About this task: Every line of the listing below from the one with "1-к квартира, на" up to and including the one with "Photo of Outdoor in Ponte d'Assi" should be retyped exactly, and nothing else; pictures are not part of the copy.

BEGIN Listed records

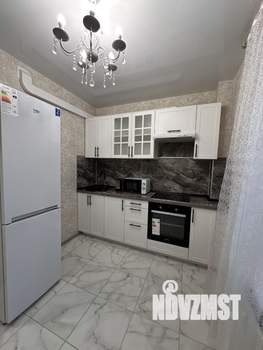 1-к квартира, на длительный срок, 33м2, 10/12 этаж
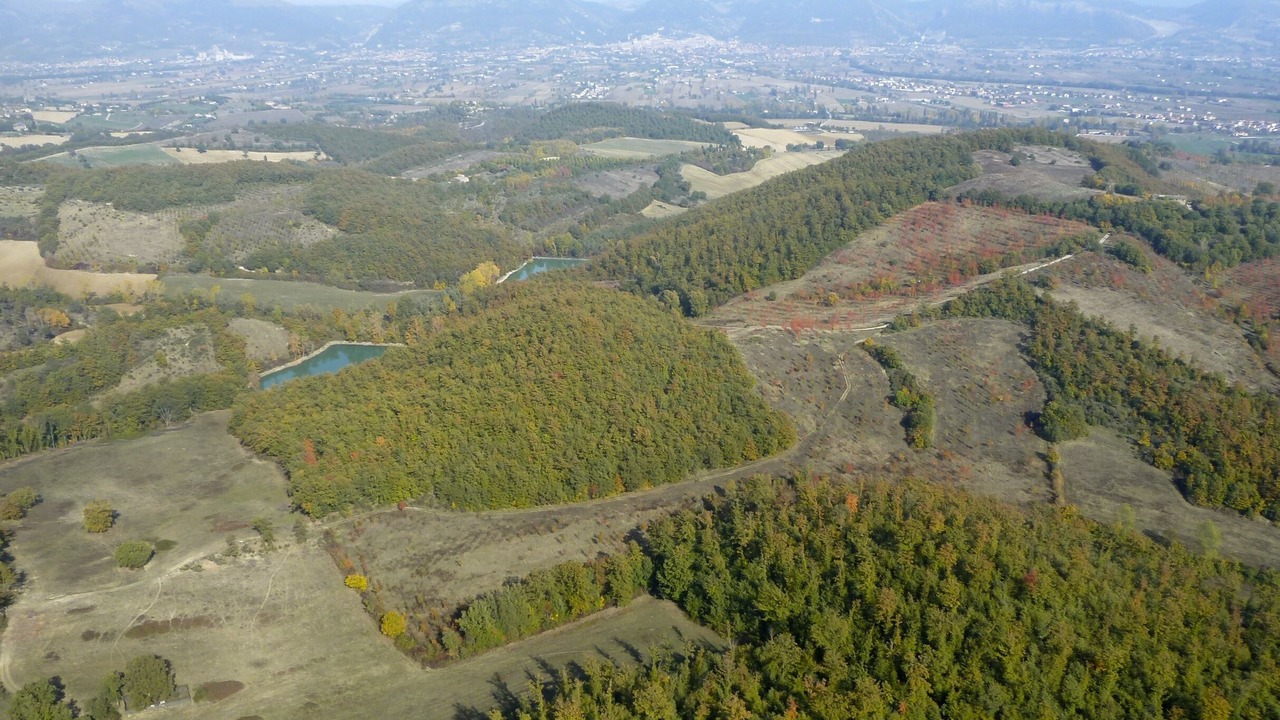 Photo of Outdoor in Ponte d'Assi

END Listed records
BEGIN Listed records

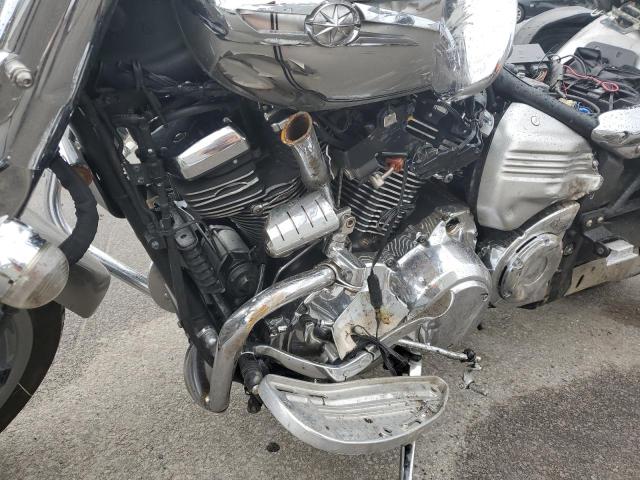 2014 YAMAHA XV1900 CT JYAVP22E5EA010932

END Listed records

Your solution:
 1-к квартира, на длительный срок, 33м2, 10/12 этаж
 Photo of Outdoor in Ponte d'Assi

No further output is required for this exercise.